━━━━━ Data provided ━━━━━

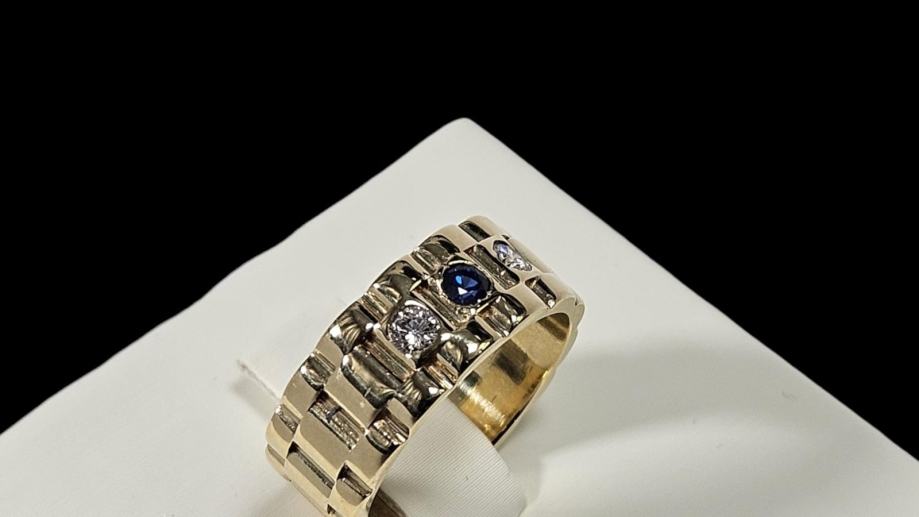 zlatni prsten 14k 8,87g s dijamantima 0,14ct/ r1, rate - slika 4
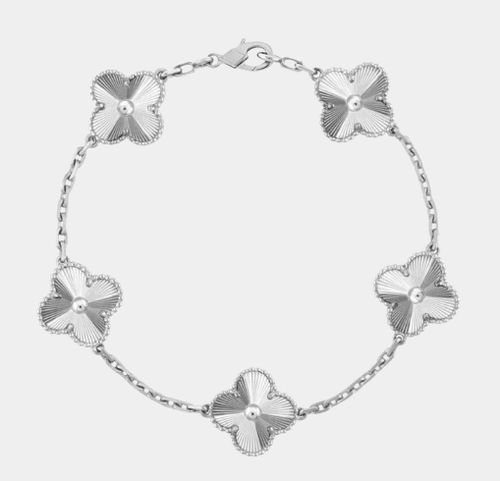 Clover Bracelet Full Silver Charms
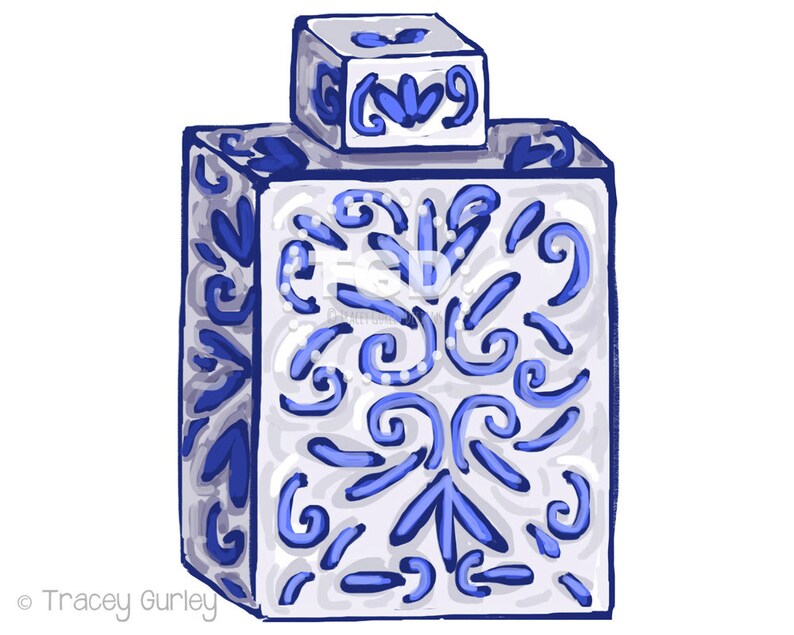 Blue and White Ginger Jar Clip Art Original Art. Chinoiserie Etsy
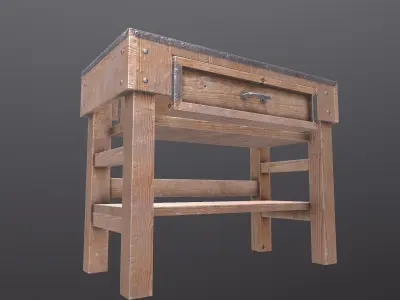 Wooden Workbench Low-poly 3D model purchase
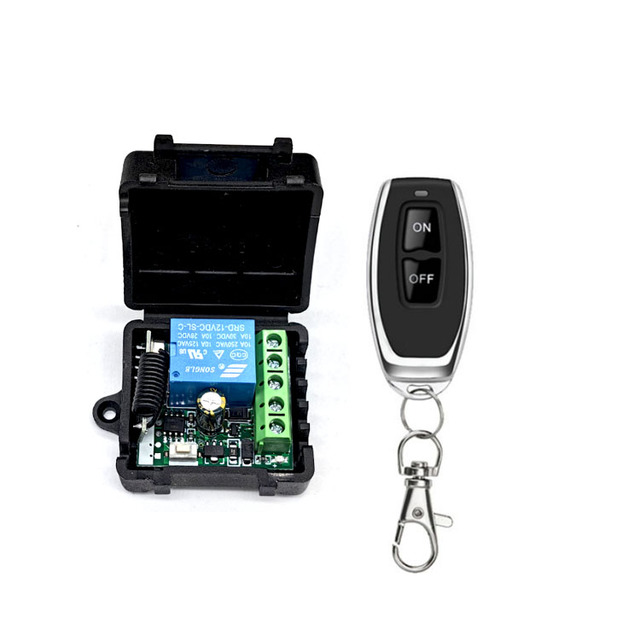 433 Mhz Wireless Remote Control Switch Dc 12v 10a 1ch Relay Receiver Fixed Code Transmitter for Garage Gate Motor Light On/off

━━━━━

### Aim of the task
Restate the data exactly, though only from the line that contains "Clover Bracelet Full Silver Charms" through its last line, both ends included and with the pictures left out.

### Output for this exercise
 Clover Bracelet Full Silver Charms
 Blue and White Ginger Jar Clip Art Original Art. Chinoiserie Etsy
 Wooden Workbench Low-poly 3D model purchase
 433 Mhz Wireless Remote Control Switch Dc 12v 10a 1ch Relay Receiver Fixed Code Transmitter for Garage Gate Motor Light On/off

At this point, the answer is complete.